Once she surpasses her Anklebot goal, she'll put any funds towards research on AVM so others like Brad have better available treatment options that could prevent them from suffering a devastating stroke.
The Anklebot is not the only robotic tool Brad may use.
Burke offers upper-extremity robots, such as the Handbot. In addition, there are devices that improve wrist function to help with grasping. "We are hoping to have really a gymnasium of robots for different body parts, but this is not typical around the country or around the world, so we are really trying to be leaders in this area," Edwards said.
And that in part is thanks to the remarkable efforts of Jessica, he added.
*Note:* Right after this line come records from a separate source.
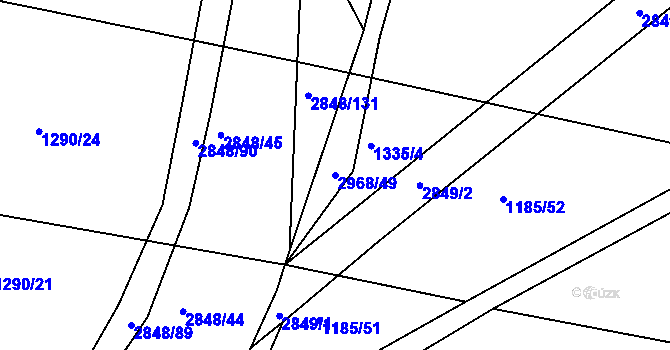 Parcela st. 2968/49 v KÚ Nový Bydžov, Katastrální mapa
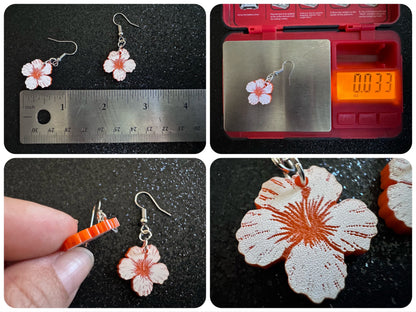 Orange Hibiscus Earrings: Laser Cut Acrylic Flowers, Floral, Flowers, Hawaii, Maui Strong, Summer Vibes, Best Gifts for Her/Him/Them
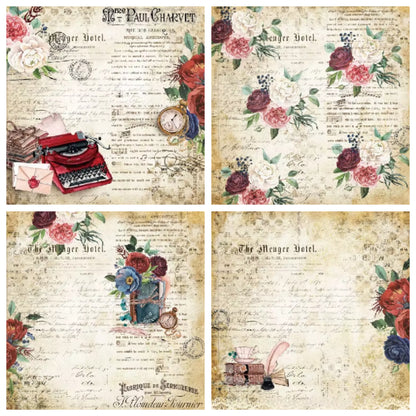 24 Sheets Romantic Retro Design 6"x6" Paper Decor 🌹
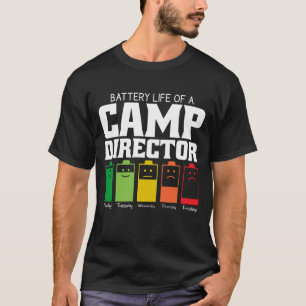Camiseta Vida Útil da Bateria de um Diretor de Acampamento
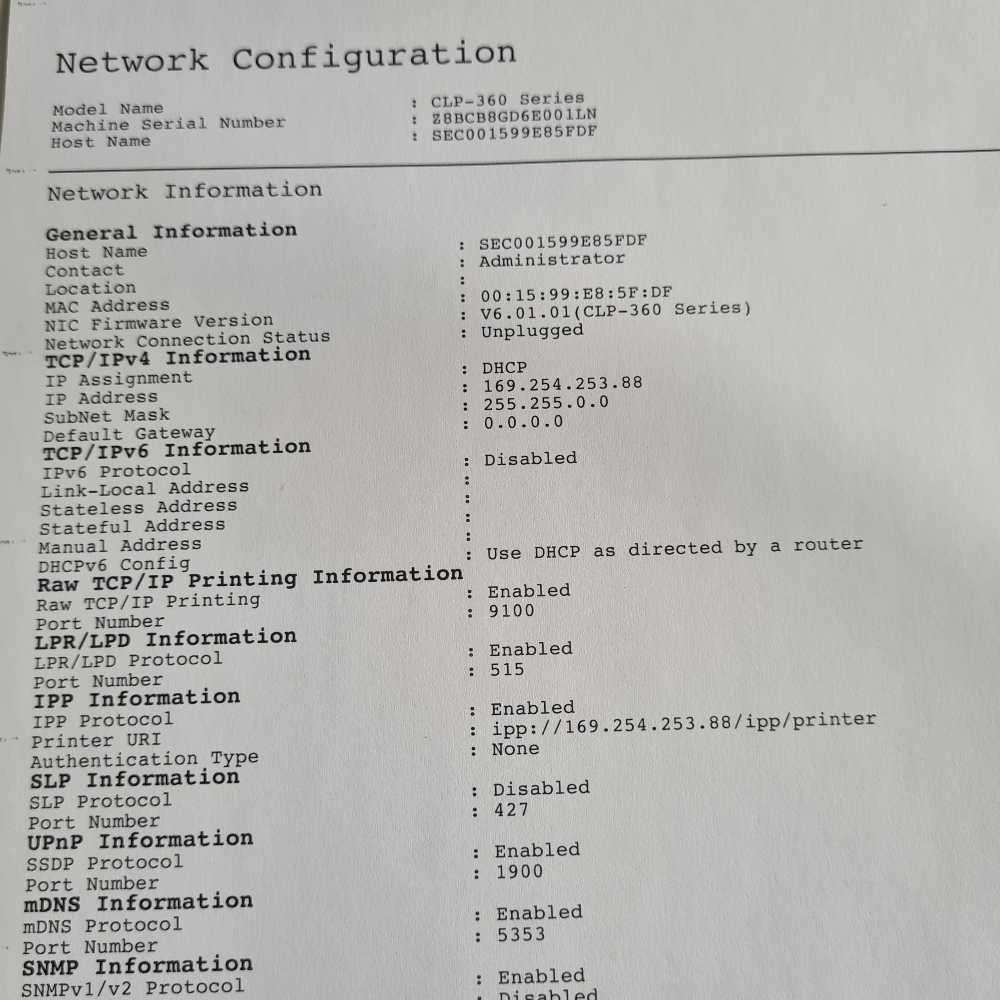 Wireless samsung clp-365w color printer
"We are just thrilled that they've decided to involve us and to have confidence in us to be able to help Brad and others like Brad," Edwards said.
Brad has come a long way - Jessica keeps a journal of her husband's progress, since it's sometimes tough to see day-by-day progress - but he still has a long way to go to reach his goal.
"From what I understand, recovering from something like this a true marathon... which resonates with us," she said.
"We frequently reminisce that we were on vacation for the weekend (before the stroke) and we were talking about how lucky we were in that moment, and you don't think that three weeks later your life can be turned upside down. But it can happen to anybody at any moment without any warning, and so you really want to fund research and have available these types of technologies for the people who need them."
Brad calls his wife the "quarterback," and realizes his care and the fundraising efforts are a full-time job for his wife. But he knows the efforts will pay off for him and others in his situation.
"I met a lot of people through this, in the hospitals and in rehab, who have had similar things happen to them. Some of them in a lot worse shape than I am," said Brad. "So I am hoping that out of this, those people can benefit."